▸ Work required
Retype, without changes, every line from the line that contains "Grembiule per utensili, grembiule" through the final line of the records. Exclude pictures.

==== Material shown ====

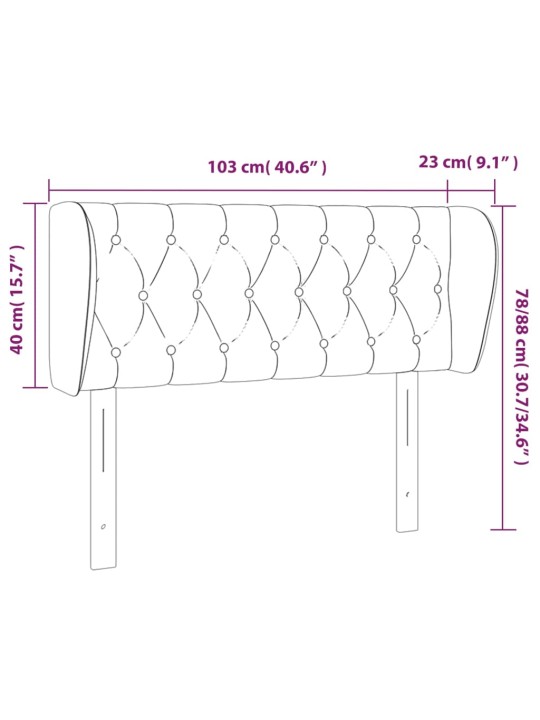 Čelo postele typu ušák tmavě zelené 103x23x78/88 cm samet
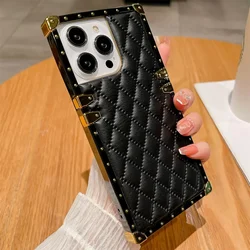 Luxury Shockproof Phone Cases for iPhone 17 16 15 14 13 12 11 Pro Max 17e Plaid Collision Prevention Soft Lambskin Leather Cover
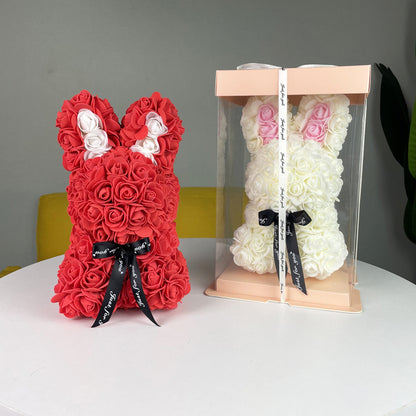 Unique PE rose bunny gift, everlasting flowers in cute bunny shape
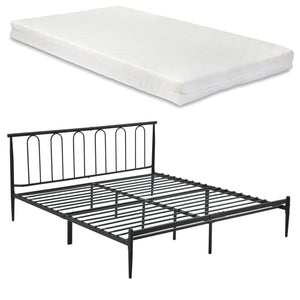Łóżko metalowe Tampere z materacem w różnych rozmiarach Czarny en.casa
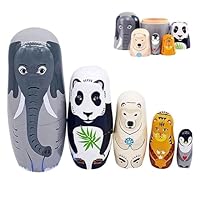 xlwen Russische Nistholz Puppen, 5 Stück Russische Matroschka-Puppen,Holz Klassisch Russische Matroschka,5-lagige Russische Nistpuppen,Holz Tier Nesting Dolls Für Partys, Festivals, Wohnzimmer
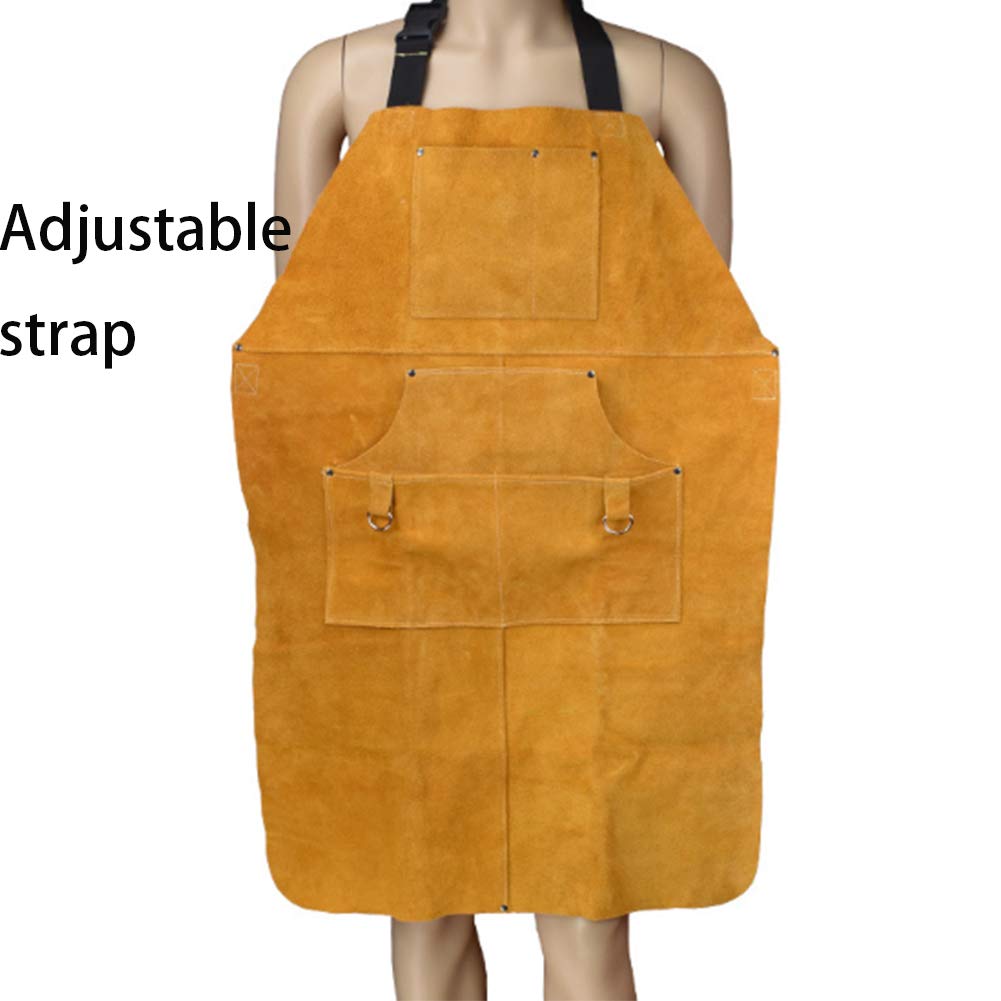 Grembiule per utensili, grembiule da lavoro per saldatura in pelle per lavori pesanti, unisex per meccanico (giallo)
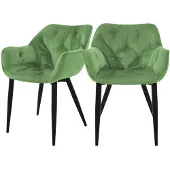 ML-Design 2er Set Esszimmerstuhl mit Rückenlehne, Salbei, aus Samt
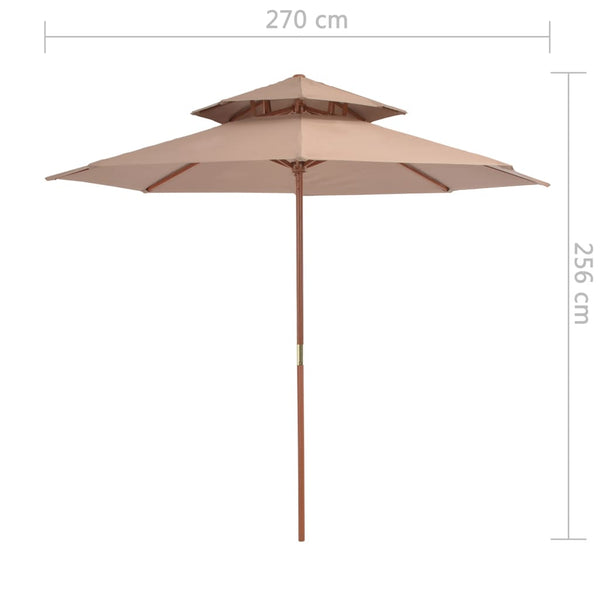 Graubrauner Sonnenschirm Roni 270cm (Holzgestell, zweilagig)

====

▸ Task result
 Grembiule per utensili, grembiule da lavoro per saldatura in pelle per lavori pesanti, unisex per meccanico (giallo)
 ML-Design 2er Set Esszimmerstuhl mit Rückenlehne, Salbei, aus Samt
 Graubrauner Sonnenschirm Roni 270cm (Holzgestell, zweilagig)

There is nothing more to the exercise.